A complete example program encoding and decoding ``mystruct'' can be found
at \textsf{docs/\-extended.c} in the distribution.

\section{The XDS Framework}
\label{xds}

\subsection{xds\_t* xds\_init(xds\_mode\_t~\underline{mode});}

This routine creates and initializes a context for use with the XDS
library. The ``mode'' parameter may be either \textsf{XDS\_ENCODE} or
\textsf{XDS\_DECODE}, depending on whether you want to encode or to decode
data. If successful, \textsf{xds\_init()} returns a pointer to the XDS
context structure.
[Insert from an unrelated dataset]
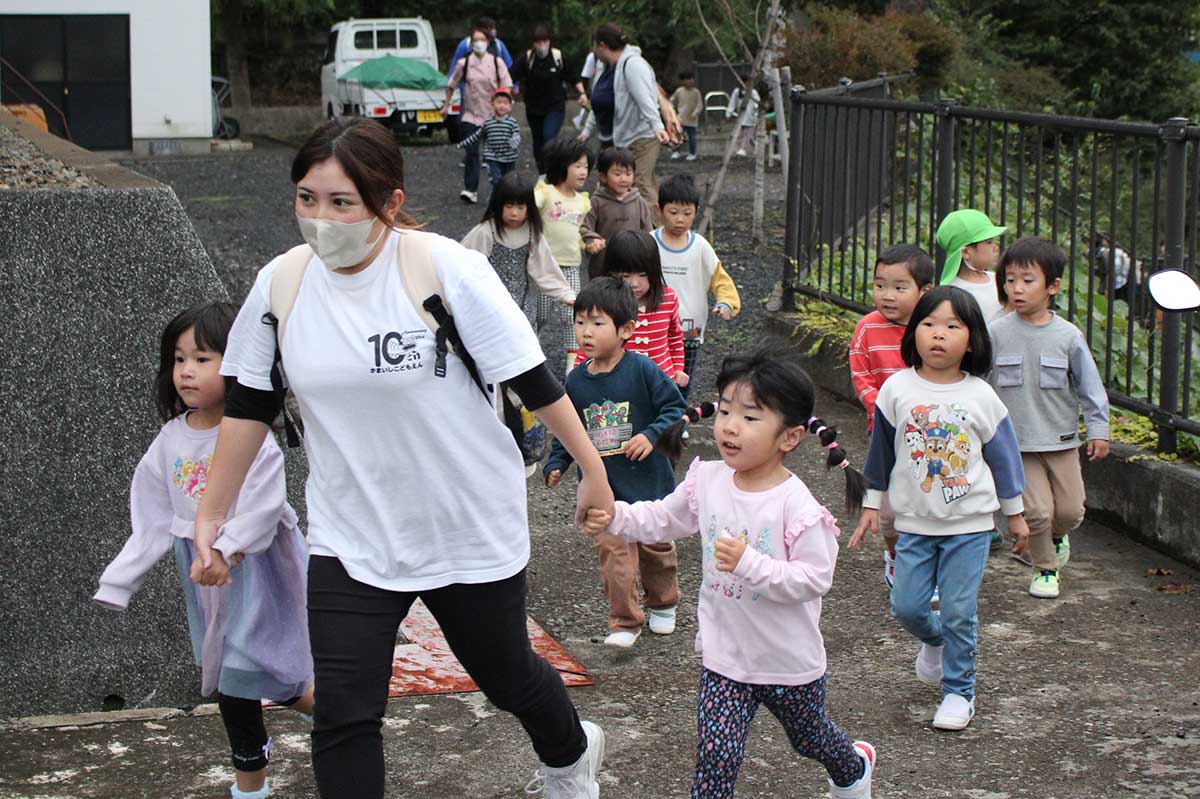 釜石小が訓練の声掛けをした、かまいしこども園の園児も天神町側の階段から上ってきた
In case of failure, \textsf{xds\_init()} returns
\textsf{NULL} and sets \textsf{errno} to ENOMEM (failed to allocate
internal memory buffers) or EINVAL (``mode'' parameter was invalid).

A context obtained from \textsf{xds\_init()} must be destroyed by
\textsf{xds\_destroy()} when it is not needed any more.

\subsection{void xds\_destroy(xds\_t*~\underline{xds});}

\textsf{xds\_destroy()} will destroy an XDS context created by
\textsf{xds\_init()}. Doing so will return all resources associated with
this context --- most notably the memory used to buffer the results of
encoding or decoding any values. A context may not be used after it has
been destroyed.

\subsection{int xds\_register(xds\_t*~\underline{xds}, const~char*~\underline{name}, xds\_engine\_t~\underline{engine}, void*~\underline{engine\_context});}

This routine will register an engine in the provided XDS context. An
``engine'' is potentially any function that fullfils the following
interface:

\begin{quote}
\begin{verbatim}
int engine(xds_t* xds, void* engine_context,
           void* buffer, size_t buffer_size, size_t* used_buffer_size,
           va_list* args);
\end{verbatim}
\end{quote}

By calling \textsf{xds\_register()}, the engine ``engine'' will be
registered under the name ``name'' in the XDS context ``xds''. The last
parameter ``engine\_context'' may be used as the user sees fit: It will be
passed when the engine is actually called and may be used to implement an
engine-specific context. Most engines will not need a context of their own,
in which case \textsf{NULL} should be specified here.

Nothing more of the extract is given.